L’enseignement du jour se concentre sur les mesures, mené par Shariffa Noordin, qui jongle entre l’anglais et le mandarin. Elle fait comprendre à ses élèves que le mot « ordinateur » en chinois peut se traduire littéralement par « cerveau électrique » et indique que la langue ne distingue pas les temps grammaticaux. Elle aborde ensuite le sujet des pronoms démonstratifs. Une heure plus tard, l’enseignement prend fin et les étudiants se dispersent dans les couloirs. Shariffa, qui dirige le département de mandarin de l’école, observe qu’il y a de plus en plus d’étudiants intéressés par ce cours. En 2013, lors de son introduction, seuls deux ou trois étudiants y assistaient. Une décennie plus tard, le nombre moyen d’élèves est de 18, soit six fois plus qu’au départ.

Les jeunes kényans se montrent de plus en plus intéressés par l’étude du mandarin, une langue autrefois considérée comme difficile, mais qui n’intimide plus. Norbert Njoroge, fondateur de l’association Kenyan Chinese Speakers qui compte plus de 700 membres, explique qu’en 2011, il y avait très peu de classes et d’apprenants de mandarin au Kenya et aucun dans les écoles primaires et secondaires. Aujourd’hui, le Kenya abrite une quarantaine d’écoles primaires et secondaires offrant des cours de mandarin, avec une moyenne de 30 élèves par classe, soit plus de 1 000 personnes étudiant la langue.

Depuis les années 2010, l’influence chinoise au Kenya est croissante. Quatre Instituts Confucius, où le mandarin est enseigné, ont été établis dans les grandes universités du pays. On compte également environ 400 entreprises chinoises à Nairobi, avec des quartiers tels que Kilimani qui portent clairement la marque de la présence chinoise notamment par le biais de centres commerciaux avec des enseignes en caractères chinois et des hôtels où les journaux chinois sont distribués aux côtés des journaux kényans.

Steve Wakoli, professeur de mandarin à près de 200 étudiants, observe que la Chine joue un rôle de plus en plus important dans les affaires. De nombreux parents kényans font commerce avec la Chine et voient l’apprentissage du mandarin pour leurs enfants comme un atout pour leur future carrière professionnelle.

Par conséquent, en plus des cours en personne, certains kényans ont recours à l’enseignement en ligne avec des tuteurs privés. Un exemple est celui d’Emmanuel (nom changé pour des raisons de confidentialité), un garçon de 15 ans, qui, chaque jour après l’école, suit une heure de cours de mandarin en ligne avec sa tutrice, Nicole Shitolwa.

L’enseignante, Nicole Shitolwa, donne le début à la leçon en demandant à Emmanuel de montrer son travail sur l’écran. Il présente un texte agrémenté d’images de dragons et de pagodes, le tout tiré d’internet. La leçon se met en mouvement alors qu’Emmanuel déchiffre les idéogrammes à haute voix, s’étirant et jouant avec les syllabes. Le vocabulaire du voyage est le sujet du jour. De temps en temps, Nicole interrompt Emmanuel pour l’aider à travailler sur les prononciations chinoises des quatre saisons. Malgré les défis, Emmanuel donne le meilleur de lui-même pendant l’heure de cours, avec l’intention de se retrouver avec Nicole le lendemain.

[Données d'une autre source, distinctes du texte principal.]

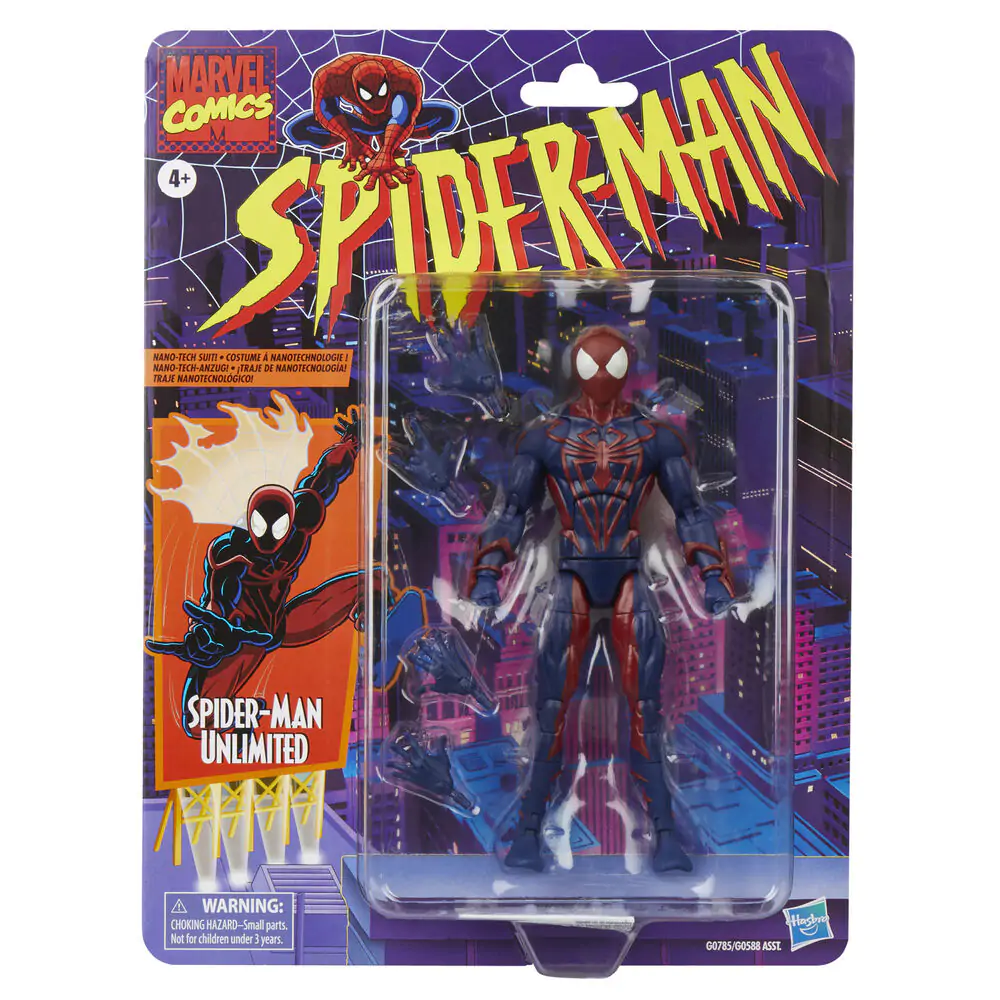 Marvel Comics Spider-Man Spiderman Unlimited figurka 15 cm fotografii produktu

En plus d’Emmanuel, Nicole enseigne à quatre autres élèves à distance. Elle travaille dans une école où elle instruit près de 400 élèves qui ont un intérêt croissant pour la langue chinoise en raison des opportunités dans le domaine de l’informatique et des jeux vidéo.

L’explosion de projets de construction et l’augmentation du tourisme en provenance d’Asie représentent également des opportunités d’emploi pour les Kényans qui parlent le chinois. Cela est illustré par Amos Aloo, un enseignant qui travaille occasionnellement comme interprète sur les chantiers de construction. Une erreur d’interprétation peut être coûteuse, souligne Norbert Njoroge. Il faut non seulement maîtriser la langue, mais aussi comprendre le contexte et la culture.

Amos Aloo a parfois l’opportunité de guider des voyageurs chinois à travers le parc national de Masaï Mara ou d’Amboseli. « Ils ne sont pas très compétents en anglais, voire pas du tout, et Google Translate ne peut pas tout résoudre! » Pour ce type de service, il demande un tarif quotidien variant entre 14 000 et 19 000 shillings (soit entre 96 et 131 euros). Ces sommes sont loin d’être insignifiantes, surtout quand on considère que 75% de la population kenyane perçoit moins de 500 000 shillings par mois.